--- GIVEN MATERIAL ---

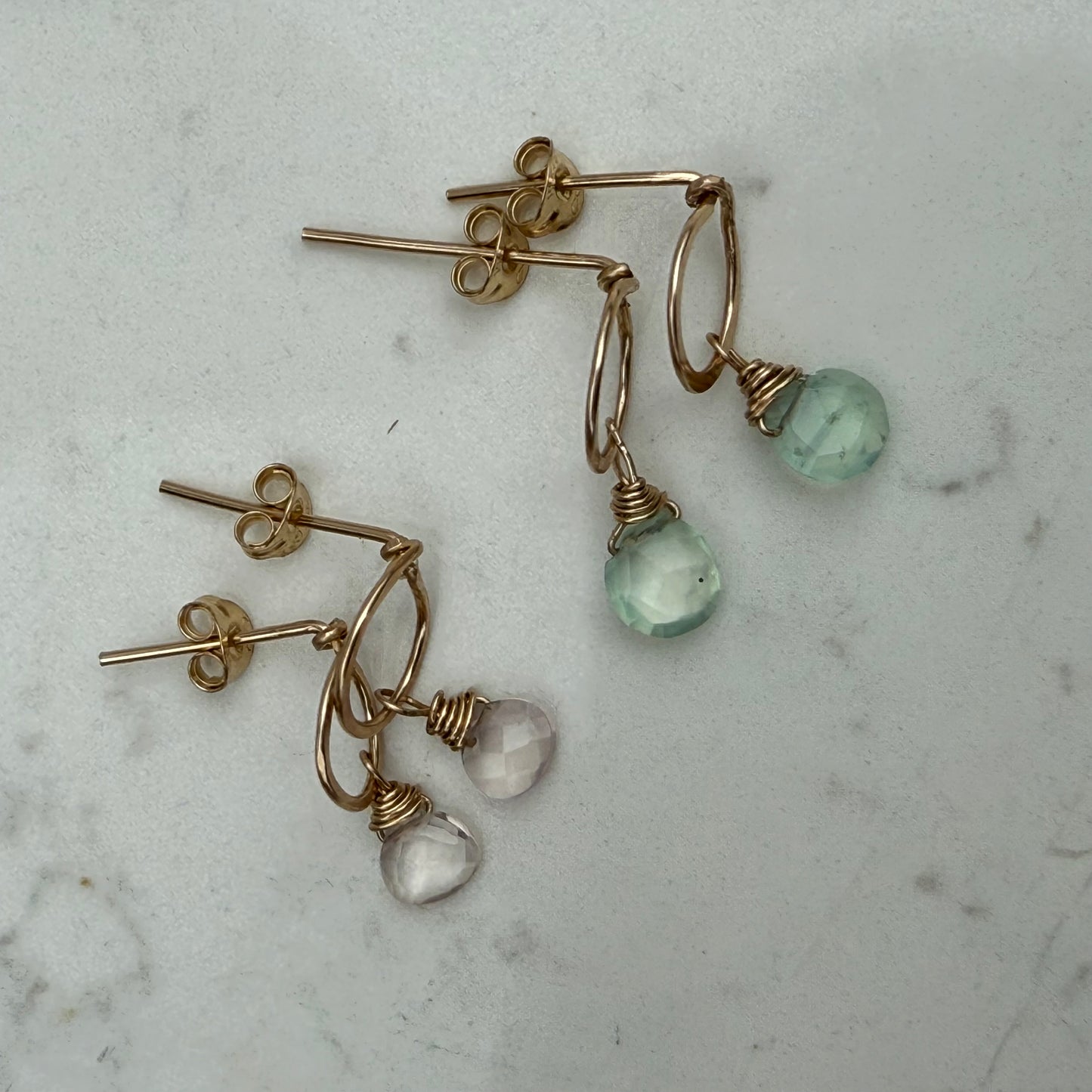 Gold Filled Hammered Ring Post Earrings with Gemstone Drops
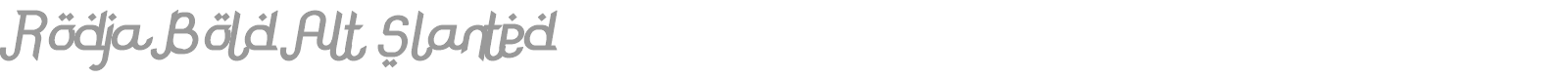 Rodja Alt End Slanted font preview
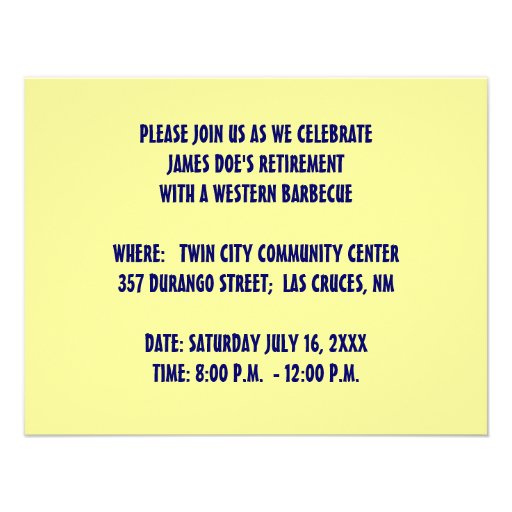 WESTERN BARBECUE PARTY INVITATION ~ EZ2 CUSTOMIZE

---

Each line of the listing is to be retyped exactly, and its pictures are to be dropped.

### [EXERCISE OUTPUT]
 Gold Filled Hammered Ring Post Earrings with Gemstone Drops
 Rodja Alt End Slanted font preview
 WESTERN BARBECUE PARTY INVITATION ~ EZ2 CUSTOMIZE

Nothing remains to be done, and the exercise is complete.